:: Raw data

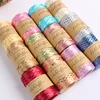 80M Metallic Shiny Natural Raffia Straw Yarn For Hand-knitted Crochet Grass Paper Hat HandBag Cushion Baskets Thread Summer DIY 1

::::
:: Raw data

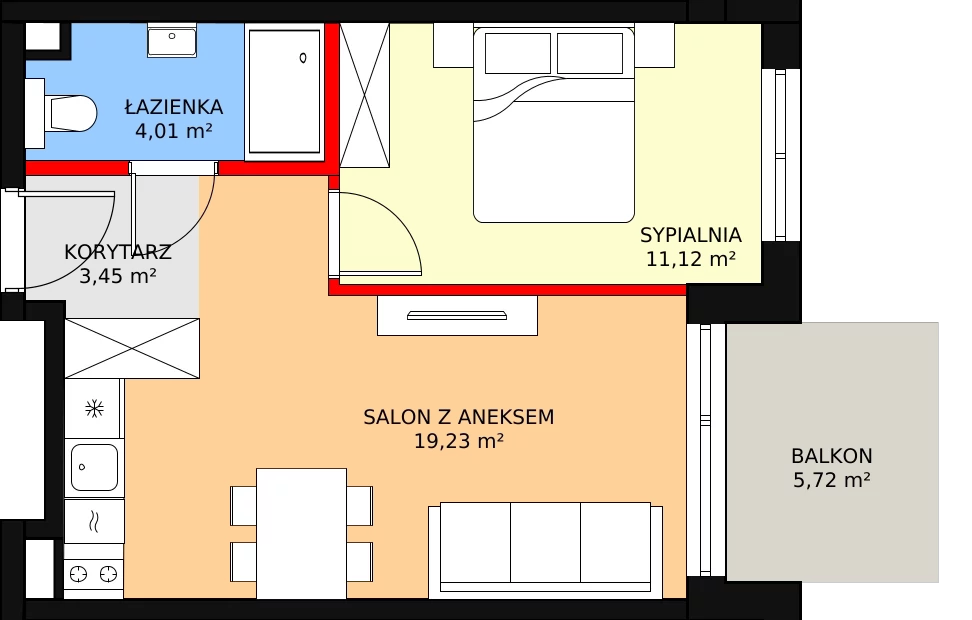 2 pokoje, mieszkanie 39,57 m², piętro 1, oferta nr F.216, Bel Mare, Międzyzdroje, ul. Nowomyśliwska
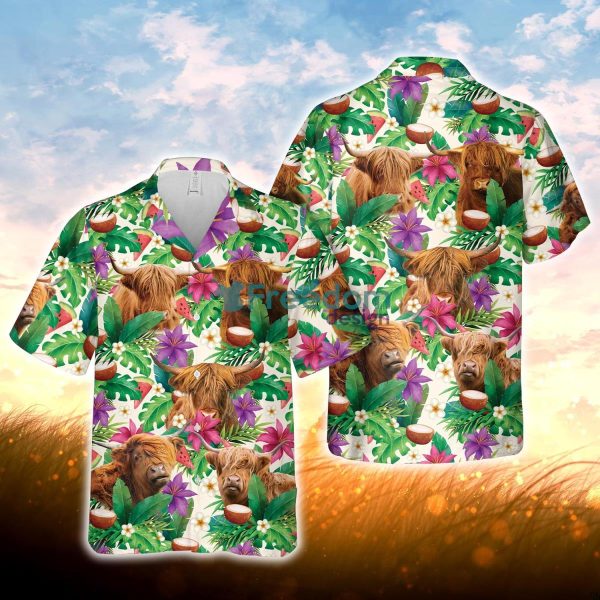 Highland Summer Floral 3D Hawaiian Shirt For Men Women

::::

◆ Your task
What you return must match, character for character, the lines above from the one with "2 pokoje, mieszkanie" through the one with "Highland Summer Floral", minus any pictures.

◆ Result
 2 pokoje, mieszkanie 39,57 m², piętro 1, oferta nr F.216, Bel Mare, Międzyzdroje, ul. Nowomyśliwska
 Highland Summer Floral 3D Hawaiian Shirt For Men Women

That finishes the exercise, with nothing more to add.